Under California’s cap-and-trade program, state regulators set a statewide limit on emissions that ratchets down over the years. Individual polluters are each allowed an emissions quota. To comply, they can either cut their emissions or obtain allowances from others. The market-based trades are designed to drive overall costs down by encouraging innovation and efficiency.
But the rules are complex, and the latest revisions have raised objections on several points. Among them are several gimmicks often used in cap-and-trade systems to lighten their burdens: free allowances, ceiling prices and pollution offsets.
Free allowances
California hands out some free allowances to polluters in an attempt to rein in costs to consumers and the industry, and to induce businesses to remain in the state. Under the old program, those free allowances were to be phased out over time. But the new proposal, critics say, would phase them out more slowly, and lets some big industries, including the oil industry, continue to use allowances at 100 percent of their current level.
Price ceilings
The proposal would let state regulators set a price ceiling on carbon allowances—another measure designed to control costs. If the trading price of carbon allowances hits that ceiling, the proposal directs the board to release additional allowances into the marketplace at the ceiling price. Critics see this as another giveaway to the industry.
Offsets
Under the existing cap-and-trade program, polluters can buy offsets, which are credits for emission reductions that occur outside the system. Examples include forestry projects that capture or store carbon, or farm practices that control methane from manure and grazing.
Proponents say this can encourage green projects, either in California or in developing countries. But not everyone is enthusiastic. “We have always thought that we should reduce emissions here, rather than in some other location,” said Bill Magavern, policy director for the California Coalition for Clean Air.
The new proposal limits how much of its pollution a company could offset, but not by enough to satisfy climate hawks. The new proposal says half the permissible offsets must have “direct environmental benefits in the state.”
Blocking future regulations
Another twist in the legislation restricts future regulation of large sources of emissions, including refineries. It would also prevent local regulators from imposing technology or other emissions controls beyond the cap-and-trade limits.
Environmental advocates says this can lead to harmful local pollution—collateral damage to the global carbon problem—as smokestack industries trade their way into compliance.

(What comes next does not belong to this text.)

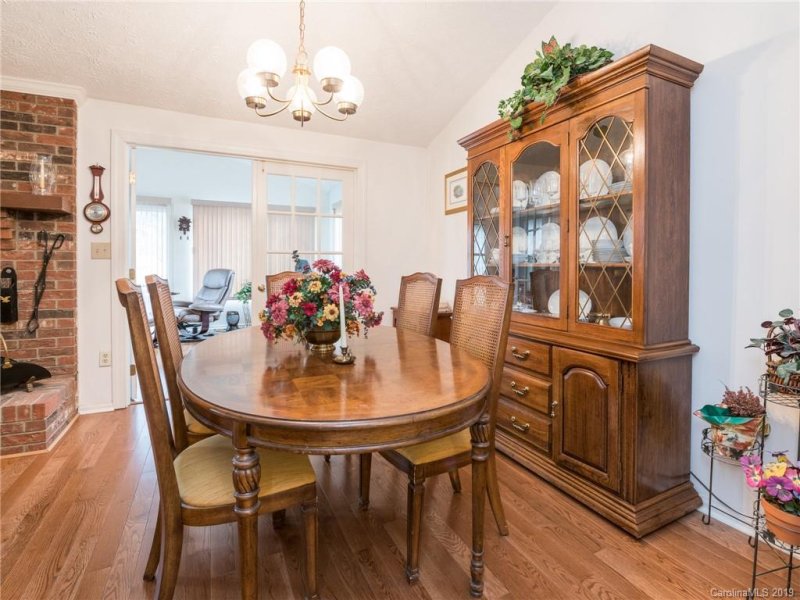 Property image 2 at 301 Parklake Court, Pineville, NC 28134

Magavern called these provisions “special favors” to the industry. Some groups, including the Natural Resources Defense Council, are calling them “bitter pills” considered necessary to get Republicans on board.
It was unclear, as recently as a year ago, whether California’s regulators had the authority to extend the cap-and-trade program without legislative approval. But Brown has pushed for the proposed legislation, which under California law needs to pass by a two-thirds margin to guard against legal challenges.
While Democrats have a super-majority in both of the state’s chambers, some in the party are expected to vote against the proposal on the grounds that it fails to adequately rein in industry pollution.
“The governor believes, and we agree, that the greenhouse gas bill needs to be passed with a two-thirds vote to clarify any legal ambiguity about the program, and getting a two-thirds vote is always tricky in any legislative body,” said Louis Blumberg, director of the climate change program for the California chapter of The Nature Conservancy.
“Every stakeholder in this debate has changes they would like to see, but it’s really important that this go forward,” Blumberg said. “This sends a signal to the world that climate regulation is important and it’s successful for both the atmosphere and the economy.”